Why I dont jump into the GIRLFRIEND-BOYFRIEND and ME thing

Whenever I surf the internet, strangely, I always found myself cruising the seduction boards. Perhaps for old-time sake. Anyways, even though its been months since I stopped contributing my own exploits in pick up, seduction and women. The pattern seems not to change, most guys asked how to talk, approach and pull women to sex. Some asks how to make her stay and the most banal of them all is “how to sleep with a married woman or has a boyfriend?”

I used to do this stuff but I dont give out any advices how. Honestly, those days of hunting married or in-a-relationship women are over. The worse part, some guys just want to know how, they try to find any information to the point I was asked “how” did I do it. Of course I never told them the secret, just some generic “boy friend” destroyer routine I learned from an old PUA article.

Anyways, since I have done the bf-gf and me thing, the only reason why I stopped doing so, was the mere feeling the guy must have felt if her girlfriend cheated on him. He has some part of the blame why but the point is putting myself in the shoe of that dude. Not to mention the rage he might feel.

In real life situations, whenever I go out to clubs or just chill down inside a mall or any place where there are plenty of people. It has been a habit for me to approach pretty women and get their numbers or in some instances have a cup of coffee, tea or lunch with them. Oftenly, it’s a banal thing to me, when they would give the “I have a boyfriend” spiel. Whether its genuine or not, I just assume it is true. WHY?

Reasons “why”:

True or not, it’s a sign of rejection or unavailability.

So whatever she meant by that spiel, two things pop into my head. REJECTION and UNAVAILABILITY.

Being rejected is good…

it shows the flaws of your approach and clearly she doesnt like you(yet). So here’s your takes on it, perhaps it’s because of your tonality, body language and clothes. At some point take a look on those, most of failed approaches are caused by the lack of those elements. The logic is simple, she’s clearly not attracted to you and that’s a simple fix. And most importantly show a high level confidence. A confident man doesnt only attract women more but everyone.

UNAVAILABILITY is a good boundary to respect.

She has something to do and, obviously, doesn’t. give a little time to entertain a stranger. Also, its safe to say, why would you force yourself to someone? If she was single and interested, she’ll give the most, five seconds of her time as a window.
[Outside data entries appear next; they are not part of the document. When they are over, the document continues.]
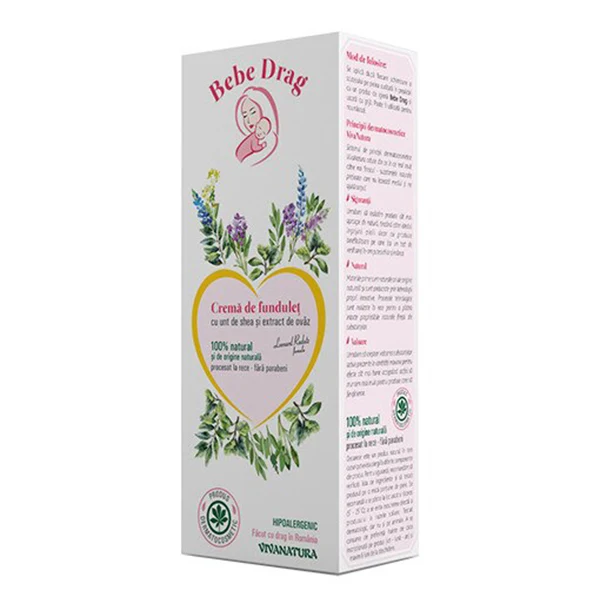 Crema de Fundulet "Bebe Drag" cu Unt de Shea si Extract de Ovaz 75ml Viva Natura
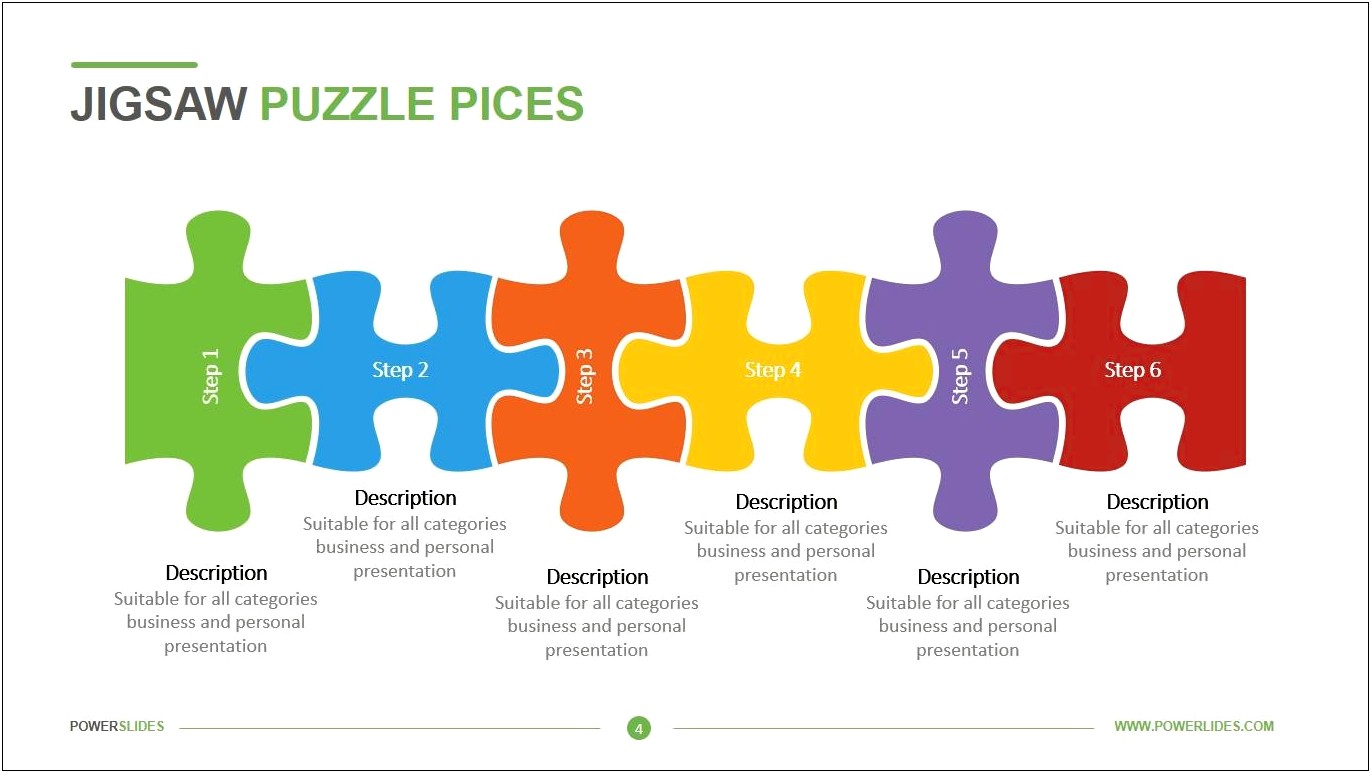 5 Piece Puzzle Template Powerpoint Free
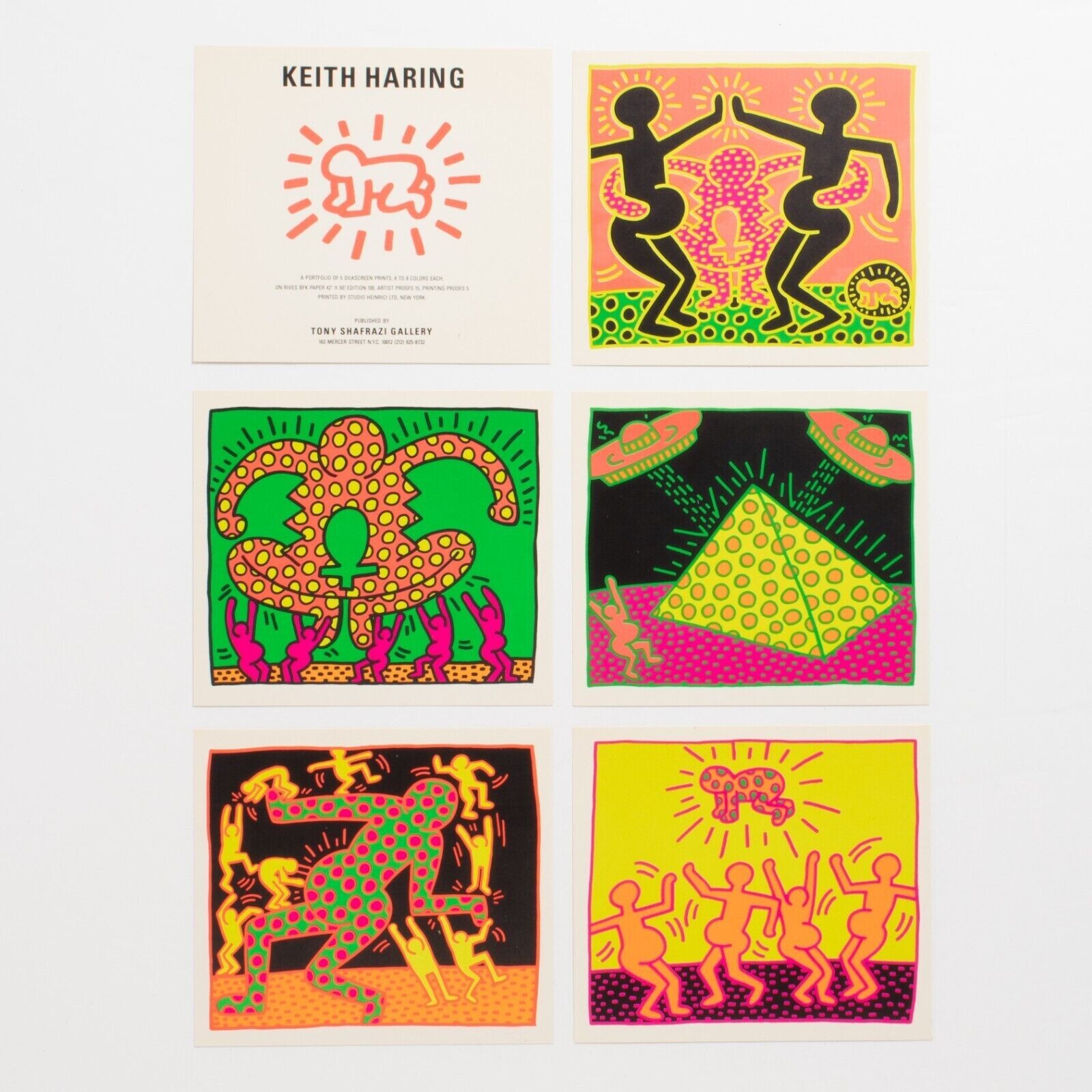 KEITH HARING „The Fertility Suite“ Tony Shafrazi Gallery Promotional Cards 1983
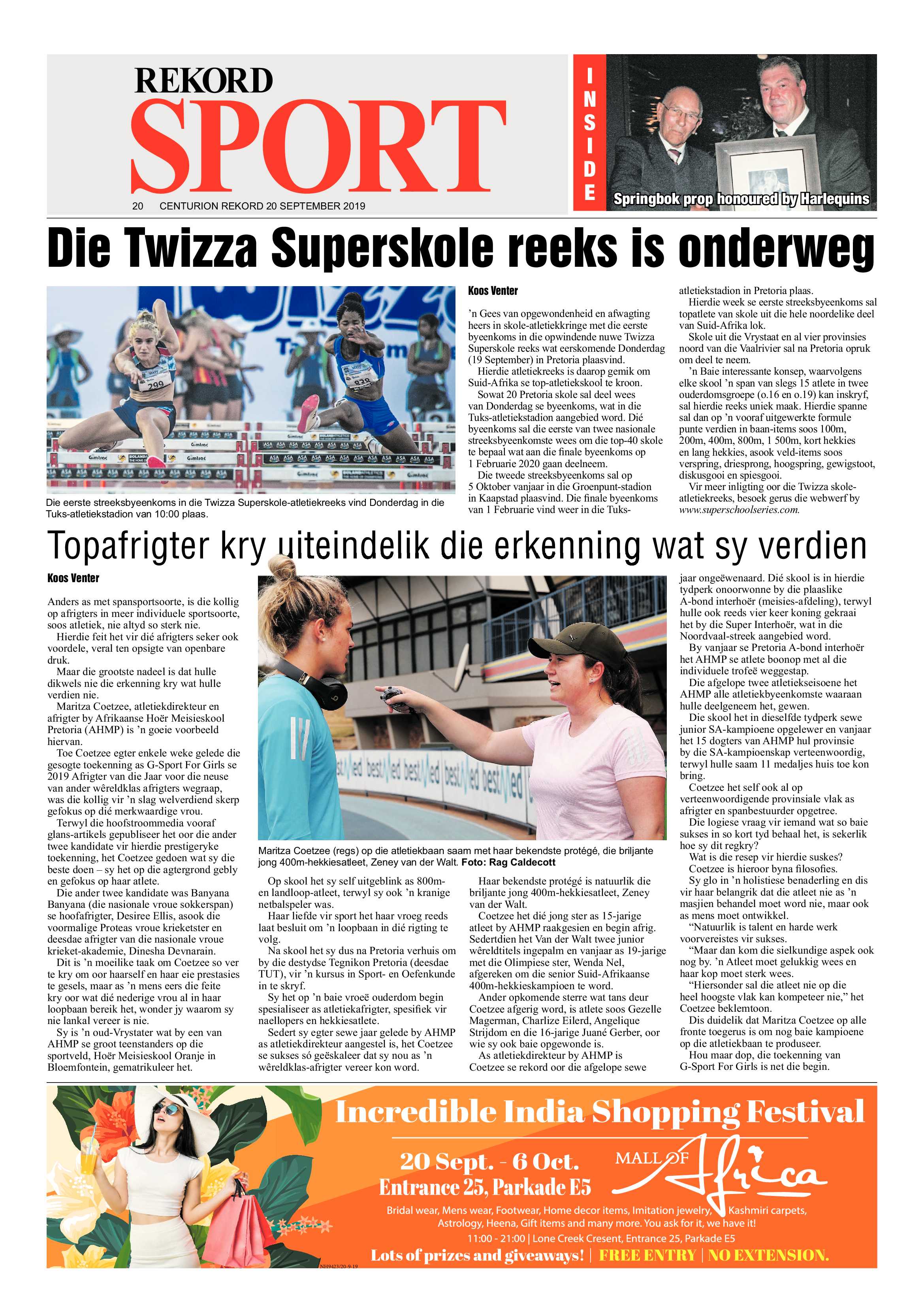 Rekord Centurion 20 September 2019 page 20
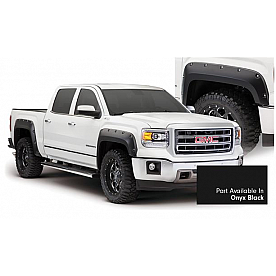 Bushwacker Fender Flare - Onyx Black - Vehicle Color Code GBA Dura-Flex 2000 ABS Smooth Plastic Matte Set Of 4 - 40960-34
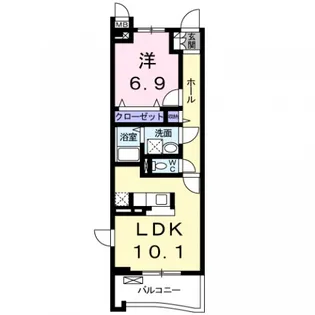 アルコバレーノ【2階】の間取り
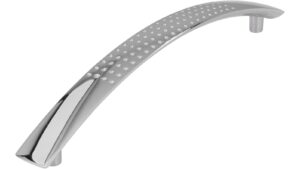 Griff Kaufbeuren Druckguss chrom glänzend - 190 mm lang vor weißem Hintergrund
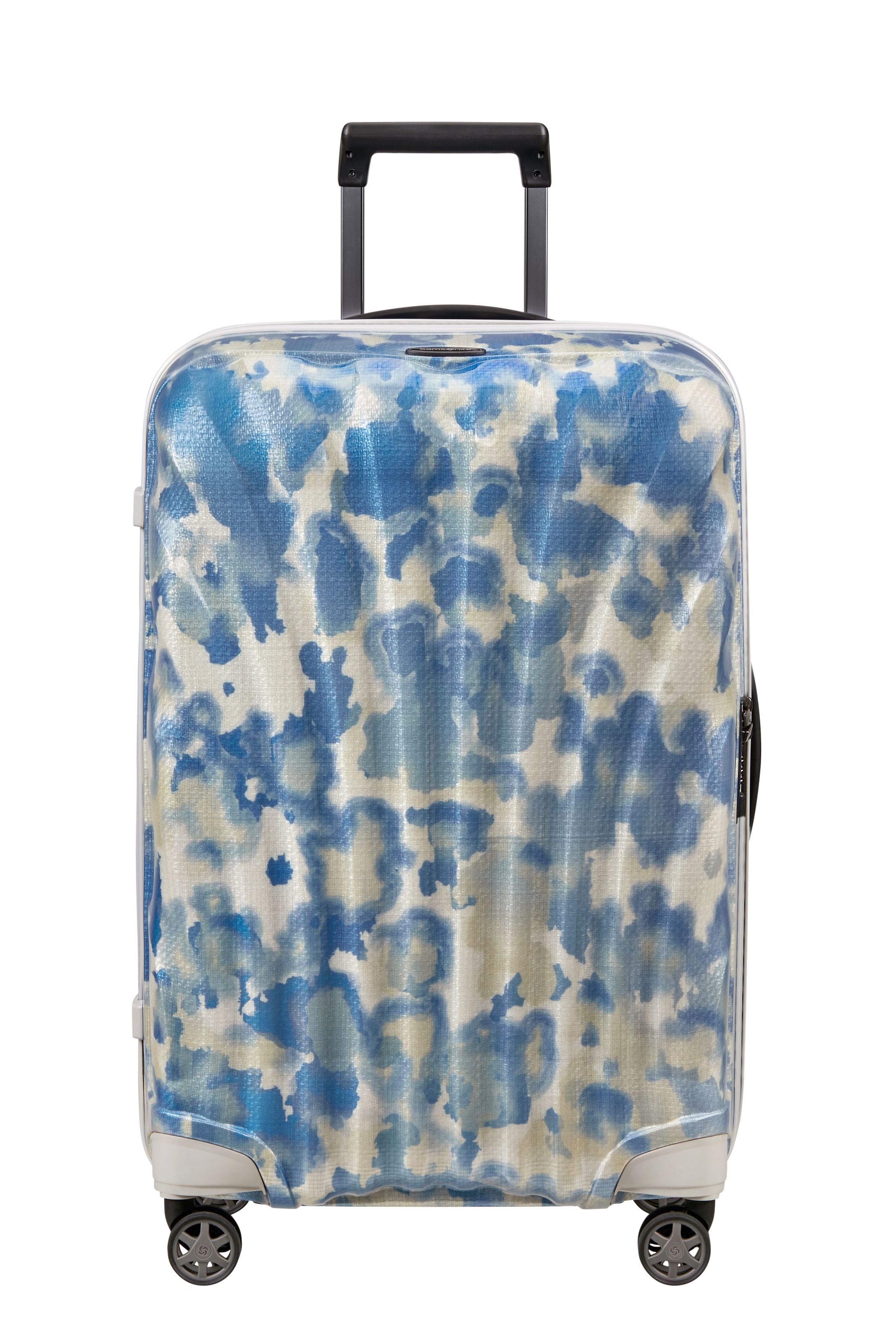 Samsonite Hartschalen-Trolley »SPINNER« 68 l Farbedition "Drifted Clouds", Curv-Material, mind. 95% recyceltes PET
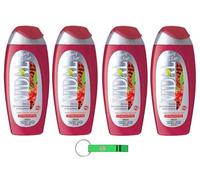 Vidal Bagnodoccia - Gel de ducha (4 unidades, con bayas de goji y arándanos, 250 ml, incluye llavero Beni Culinari gratuito)
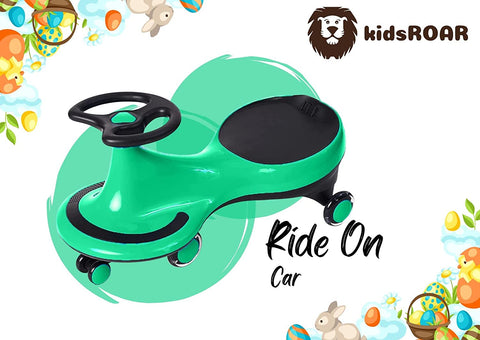 Megica Swing Car For Kids | With Music And Light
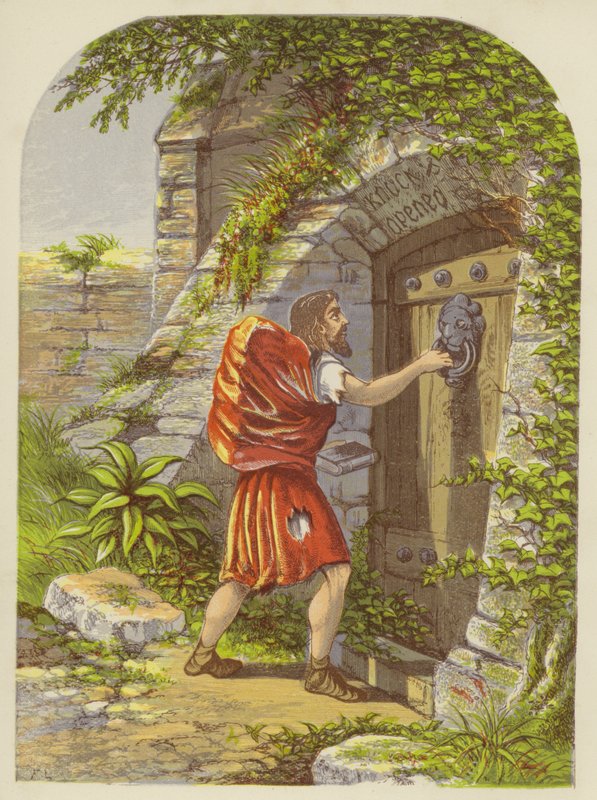 Kapıdaki Hristiyan by Alexander Francis Lydon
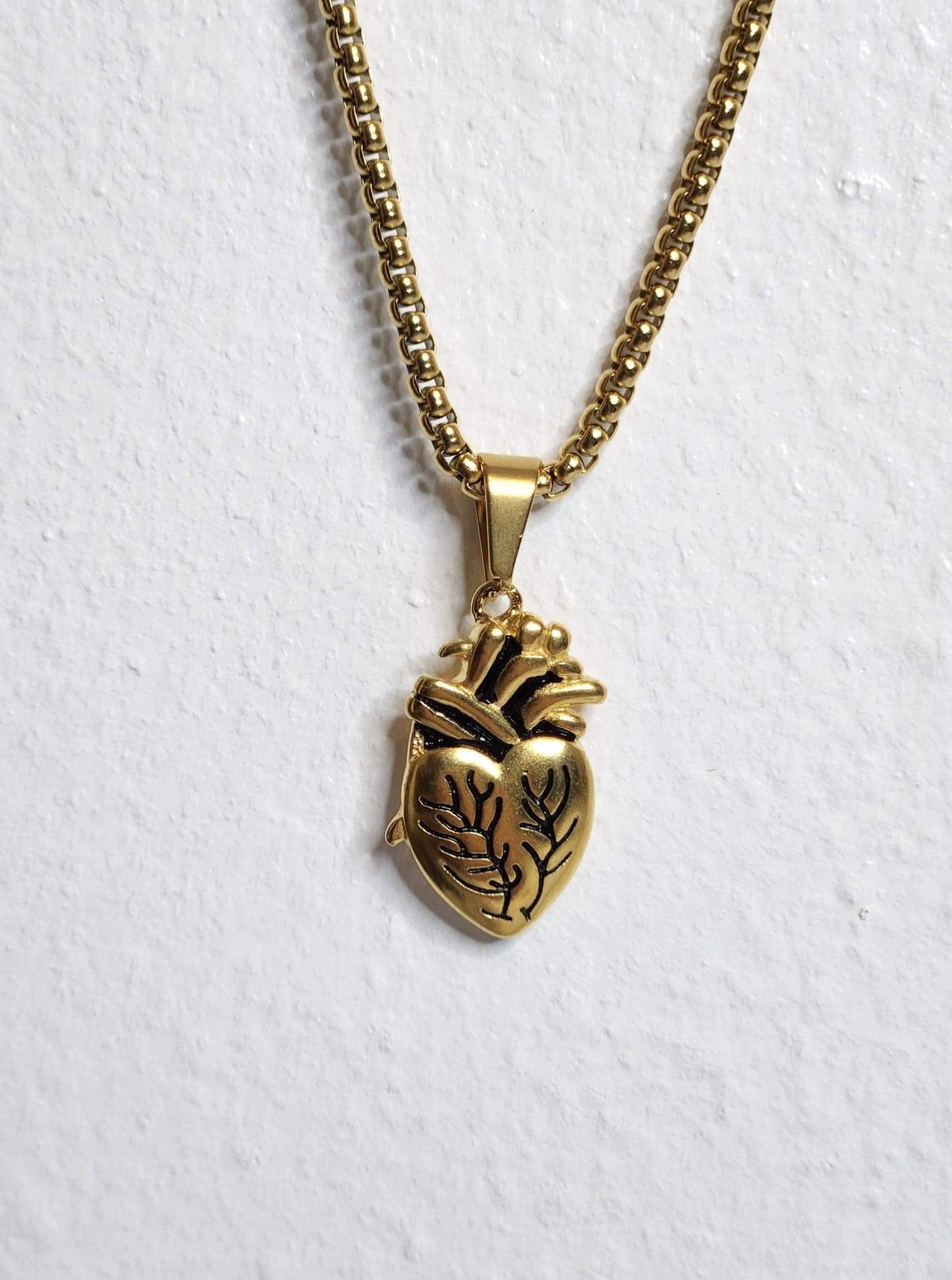 Couples Heart Necklace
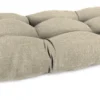 Jordan Manufacturing Outdoor 44" Wicker Loveseat Cushion-TORY BISQUE RICHLOOM Custom Order Cushions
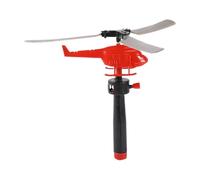 Generisch Helicopter Toy - 5 pollici Pull Line Flying Toy | Pull String Flying Toys - Lightweight Interactive Helicopter for Boys and Girls Indoor Outdoor Play Fun Motor Skill Development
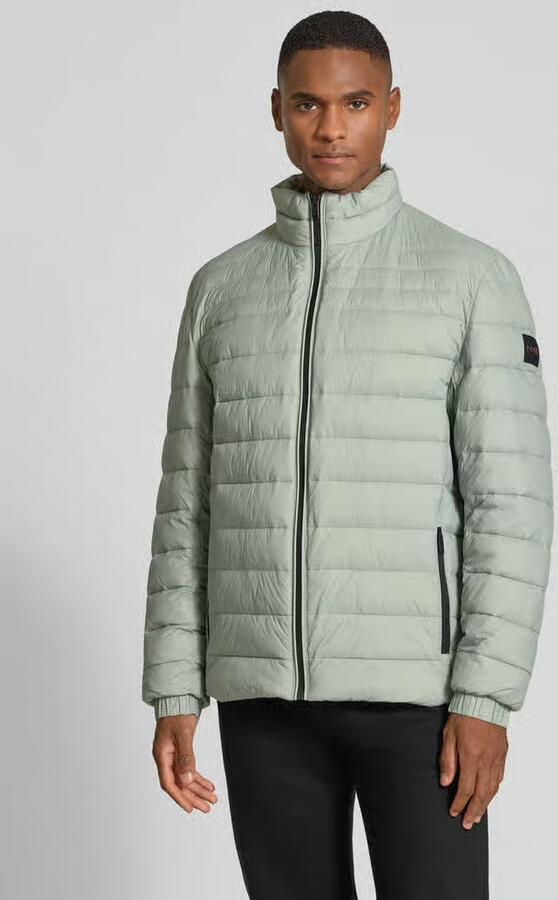 Boss Orange Slim fit gewatteerd jack met opstaande kraag model 'ODEN2' - Foto 2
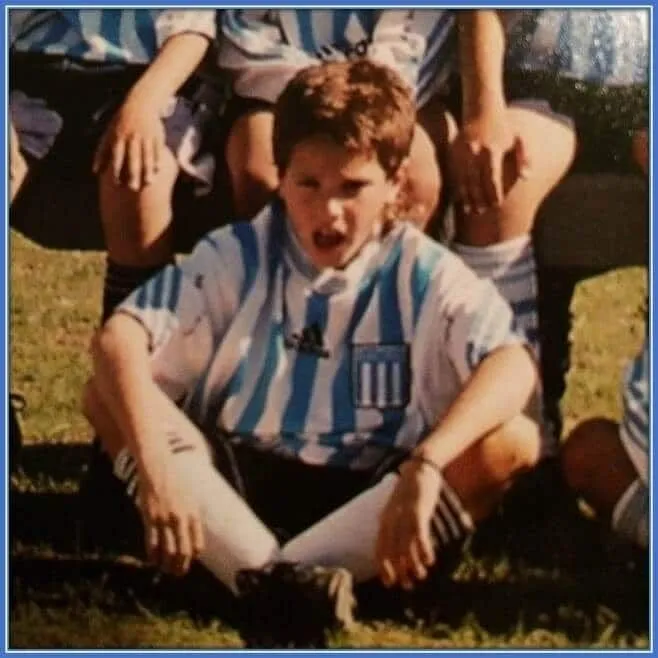 He may look quite small, but he was an influential kid in the ranks of his youth academy.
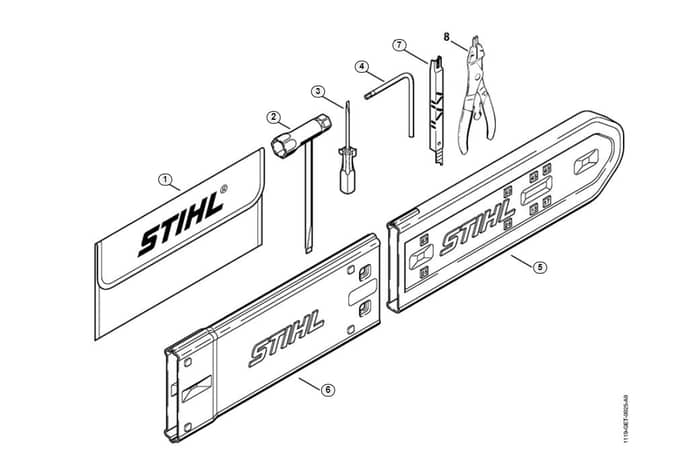 Stihl 038 W Tools, Extras - Q-Group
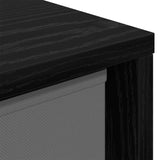 Sideboard with Drawer Black Oak 49.5 x 22 x 47 cm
In my own opinion, the sexual happines of a guy comes with sex. And everyone loves sex, we just view it in different perspectives. In my experience, being on the BOYFRIEND-GIRLFRIEND and ME cycle is just tiring. Being that guy who fullfills the sexual gratification of a girl while her boyfriend stands and does nothing. This happens commonly to dudes who are too nice or likes to play safe. Thinking about it gives me the stress that gets into my nerves. My lazy nerves.

Some guys would push the thought, what if it was a “shit test”?

Honestly, if it was a shit test or something a girl would respond to a guy just to test him, why would she say she has a boyfriend and just lie about it in the end? A question to answer a question, it works as if it is a paradox but to put it simple, a man who knows when to say no, respect boundaries and still cool after. Is more attractive than a guy who pushes himself further than necessary.

Everytime I’m out there in the prowl, sitting still and waiting for that single woman walking in the street, mall, club or anywhere. Who could turn up to be the next awesome moment that could happen to my day. Whether she could turn up to be a fuck buddy, a fling or even a girlfriend. I always place these filters inside my head.

  • is she single?
  • -is she sane?
  • -is she cool to my own view of the world?
  • -is fun in bed?

We can call these filters as my own values of my life when it comes on meeting women. And it makes my life easier than it has to be.

What if you were confronted by her shaking and looks-like-want-to-punch-you in the face boyfriend. Just back away, the mere fact he is shaking like a chicken means he’s more scared than angry. Honestly, if he was more than angry about you, he would instantly punch you in the face the moment he saw you. One more reason I keep my distance to women whose in a relationship.

My own fantasy of death is to die doing the real extreme ie: jumping of the cliff , in a car accident while attempting to do a drift, chased by a wild animal bigger than me, crushed by avalanche, dropped from the sky and forgot to open the parachute or drowned while surfing a 50-foot wave and not on beating of an angered beta-male.